To address the aforementioned problems, we designed CFIUs for each subsequent resolution after the DFEUs. The proposed CFIU performs three functions simultaneously, unlike contemporary feature integration modules. First, it simultaneously extracts different resolutions and performs sub-sampling to explore more semantic features. The sub-sampled branches depend on the specific position of the backbone level, and each branch employs channel attention with large asymmetric kernels to focus on the importance of different regions. The residual connection re-weighs the lost information after fusing the sub-sampled information, and channel re-shuffling further improves the performance without additional parameters. Second, it extracts high-level features and progressively increases the number of sub-sampling branches in a top-down movement for the lower level using dense short connections. This unique mechanism reduces the parameter size caused by the constraint expansion and prevents the model from the global feature dilution effect during top-down propagation. Third, it retrieves CI that can partially compensate for the low-level details lost during maximum pooling at the backbone. The proposed CFIUs can guide the model towards accurate predictions. However, for some complicated scenarios, the model has been observed to confuse between salient and non-salient regions owing to confused boundaries.

To address the ambiguity between complex background scenarios, some approaches have used edge labels to augment the training process of segmentation networks by including auxiliary boundary loss functions or designing unidirectional frameworks [25,26,27,28]. They utilize the edge features solely to enhance the representational capability of edge information. Previous research has established that combining edge features results in more precise segmentation maps. However, because edge features have not been well exploited in current edge-aware networks, imprecise edge features remain a challenge. Considering the worth of contour-based supervision, we propose using a CSRU on each output side to reduce the transition of irrelevant background noise and retain the object boundary. Unlike existing edge refinement modules, the proposed CSRU is progressively expanded in a similar manner as the CFIUs by retrieving the contour details directly from lower layers. Subsequently, by adopting deep supervision for each decoder stage, the learned information is fed to the next stage at the decoder side to determine the final, accurate saliency maps with more precise information. The large asymmetric kernels, with a contour-based spatial attention and constraint expansion mechanism, differentiate the designed CSRU’s effectiveness from existing methods. Our suggested method’s primary contributions are summarized as follows:

We offer a unique light-weight DFEU capable of efficiently and effectively capturing rich contextual information to enhance the inter-resolutions of the backbone for more semantically enriched features.
We designed a CFIU that sub-samples the specific resolution into different sub-resolutions according to the input features. The dense short connections of high and contour-based features with wide kernels, asymmetric convolutions, and channel-wise attention direct the model towards more rigorous and accurate saliency maps. In addition, a subsequent CSRU module was designed to improve the saliency map using dense contour-based short connections to strengthen and refine the saliency maps with precise boundaries for more perplexing and challenging scenarios.
Our model is relatively smaller and more efficient than other large-scale backbone networks, such as ResNet-50 in the given research domain, with only 26.7 million parameters and a real-time speed of 31 frames per second (FPS). Experiments demonstrate our proposed approach’s superiority by analyzing the results on five challenging datasets and comparing 15 state-of-the-art methods.

2. Related Work

2.1. Salient Object Detection

In the early development stage, SOD methods typically used hand-crafted features, such as color contrast [29,30,31], background boundary [32,33,34], and center-surround priors [35,36]. Although these low-level models exhibited positive effects, their execution was imperfect for images with complex salient objects or clutter and complicated backgrounds. These models have a low computational efficiency and often destroy the underlying feature structure. See [37,38] for more details on previous and CNN-based methods.

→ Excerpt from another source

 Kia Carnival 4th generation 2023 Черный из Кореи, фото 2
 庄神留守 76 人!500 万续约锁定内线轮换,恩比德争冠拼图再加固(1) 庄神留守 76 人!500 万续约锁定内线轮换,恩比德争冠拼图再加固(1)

Recently, owing to the outstanding achievements of CNNs in computer vision, deep learning has been established as an encouraging substitute for SOD tasks. Some initial deep learning models for SOD tasks use the CNN architecture to predict each image segment’s saliency score using object proposal [39] or superpixel [40] schemes. Wang et al. [39] suggested two neural networks for SOD tasks. One network was learned using a local patch to regulate pixel-wise saliency values. The other used the global feature to predict the saliency score for each object region. Liu et al. [18] proceeded with a hierarchical top-down pathway and embedded local and global modules to obtain all constructive information from the pixels. Li and Yu [40] first created several input image segments, and the neural network was trained for each segment separately. These networks were then combined and used several convolution layers. Zhao et al. [41] developed a multi-context deep structure with two branches that extracted local and global contexts and then integrated them.

2.2. Multi-Level Information

Several studies that used FCN-based methods [42] proved that the feature integration of multiple layers is advantageous for producing better results. Deep layers of the FCN network contain semantically contextual knowledge for recognizing the salient object’s location and category. In comparison, shallow layers encode fine spatial details for reconstructing the corresponding boundary of the salient object. Therefore, several works [43,44,45] have adopted multi-level features for SOD. Hou et al. [44] designed a model to incorporate multi-layer features utilizing a short connection in a top-down manner. Zhang et al. [43] integrated different level features at multiple resolutions to estimate saliency maps. Luo et al. [45] proposed a top-down refinement framework in which refined features propagate from deeper layers to shallower layers.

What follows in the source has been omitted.